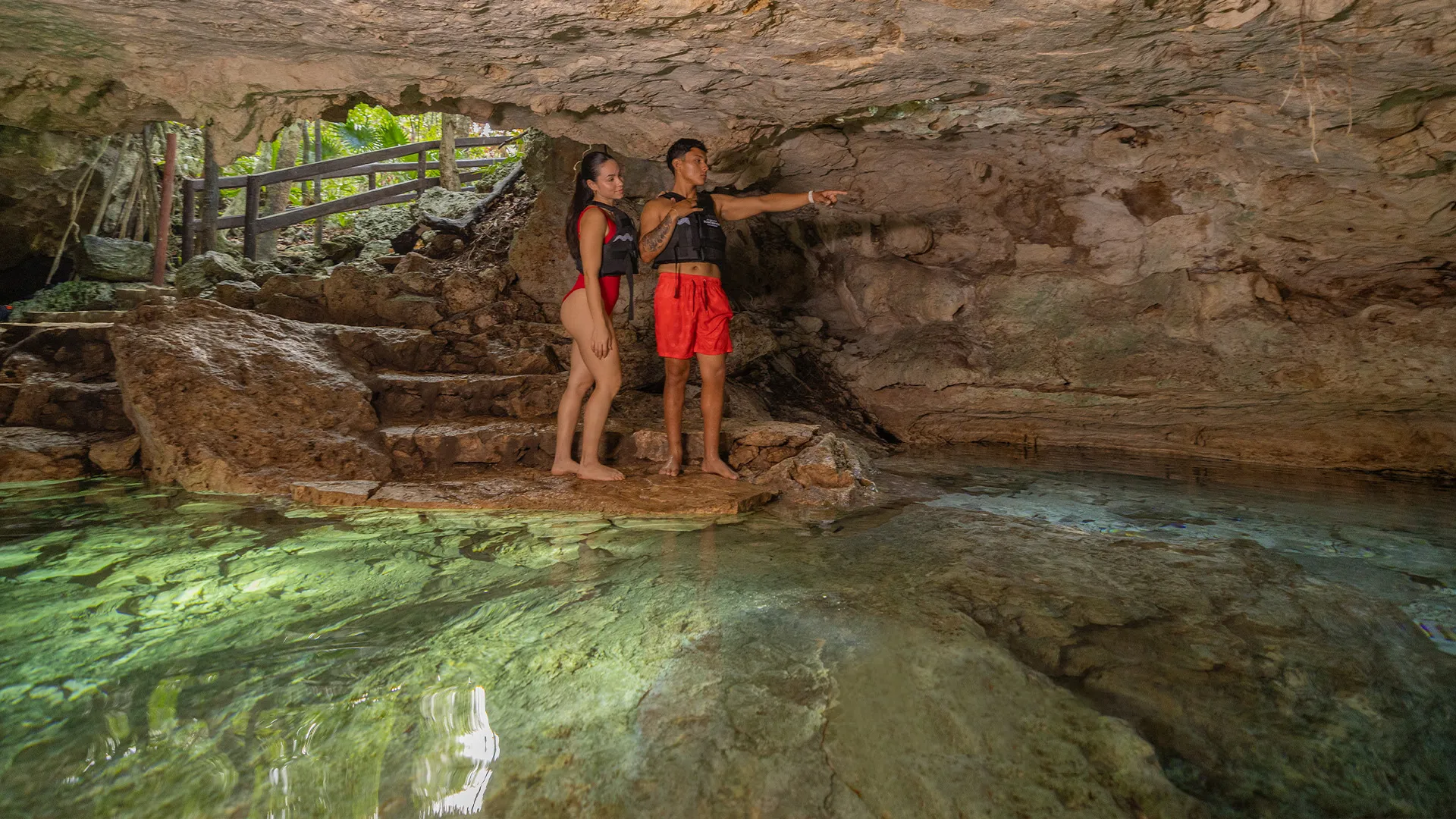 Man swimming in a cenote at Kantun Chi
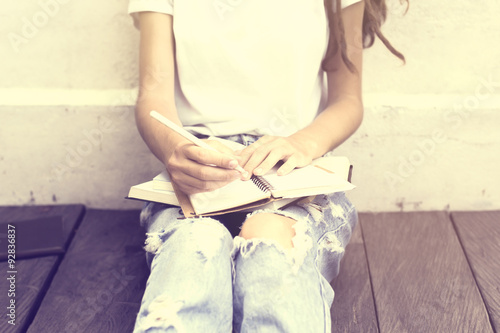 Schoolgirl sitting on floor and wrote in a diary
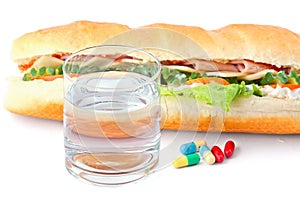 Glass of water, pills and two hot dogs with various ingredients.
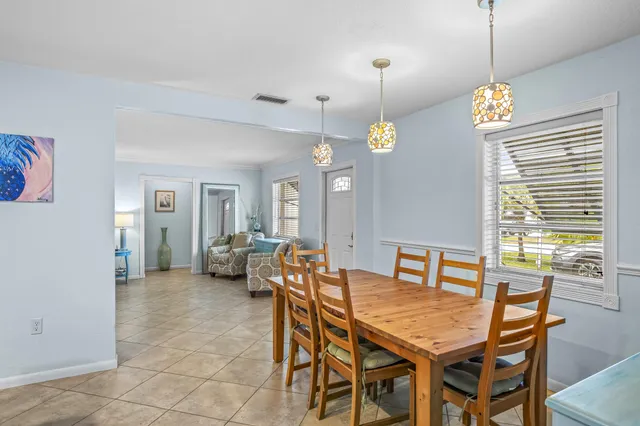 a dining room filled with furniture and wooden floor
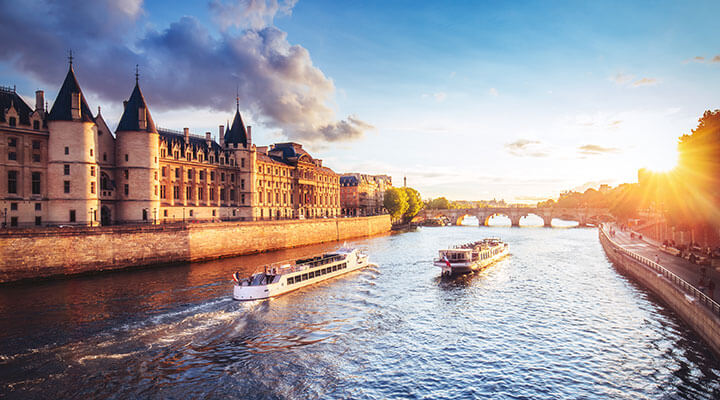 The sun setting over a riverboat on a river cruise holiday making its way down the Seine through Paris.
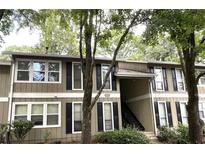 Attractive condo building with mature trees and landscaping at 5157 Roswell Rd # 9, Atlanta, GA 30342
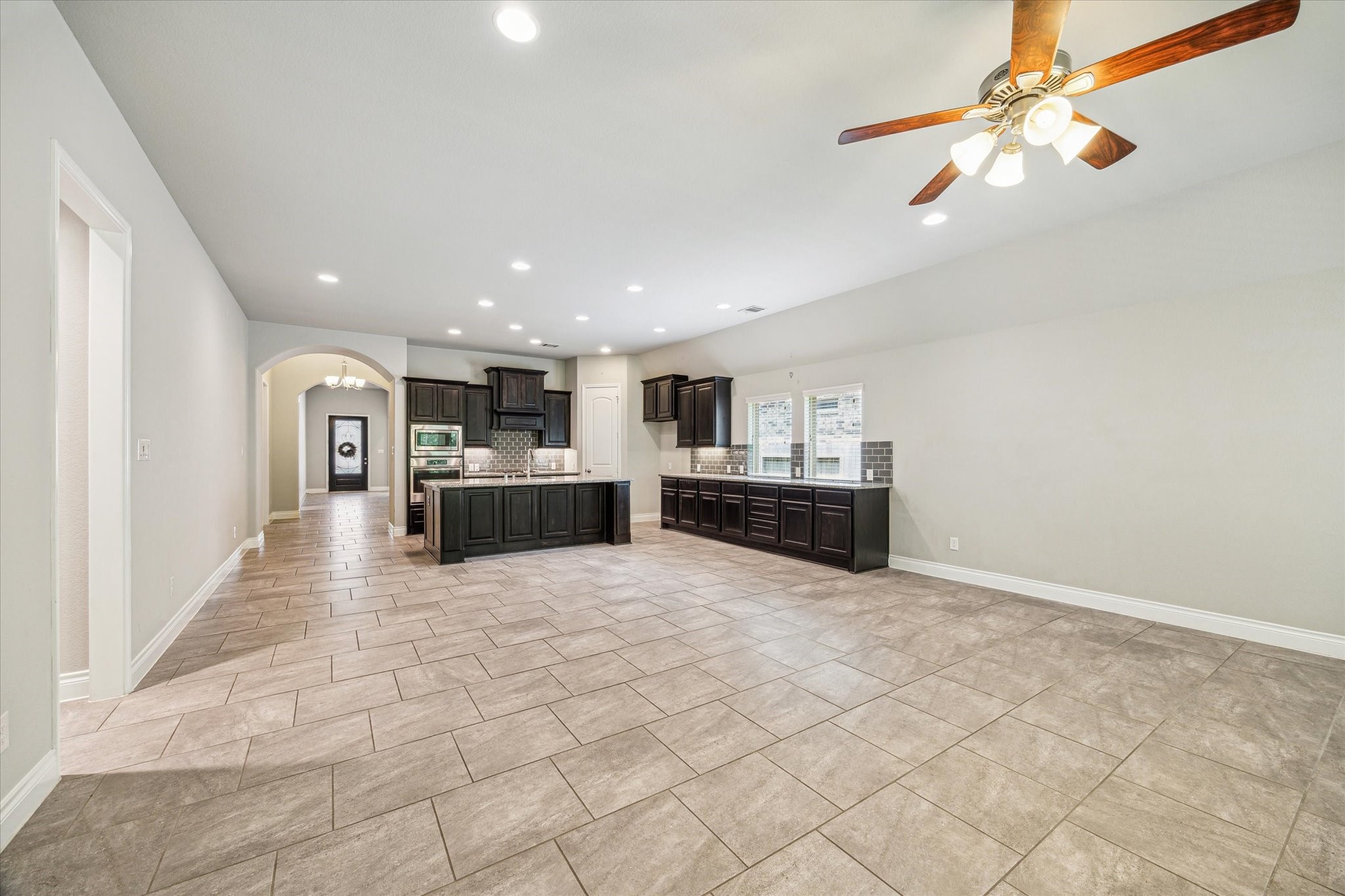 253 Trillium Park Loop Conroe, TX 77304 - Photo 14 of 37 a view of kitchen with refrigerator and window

※

Exercise prompt
Please return exactly the lines from the one containing "Glass of water, pills" through the end of the material above, both ends included, but not the pictures.

Solution for this problem
 Glass of water, pills and two hot dogs with various ingredients.
 a dining room filled with furniture and wooden floor
 The sun setting over a riverboat on a river cruise holiday making its way down the Seine through Paris.
 Attractive condo building with mature trees and landscaping at 5157 Roswell Rd # 9, Atlanta, GA 30342
 253 Trillium Park Loop Conroe, TX 77304 - Photo 14 of 37 a view of kitchen with refrigerator and window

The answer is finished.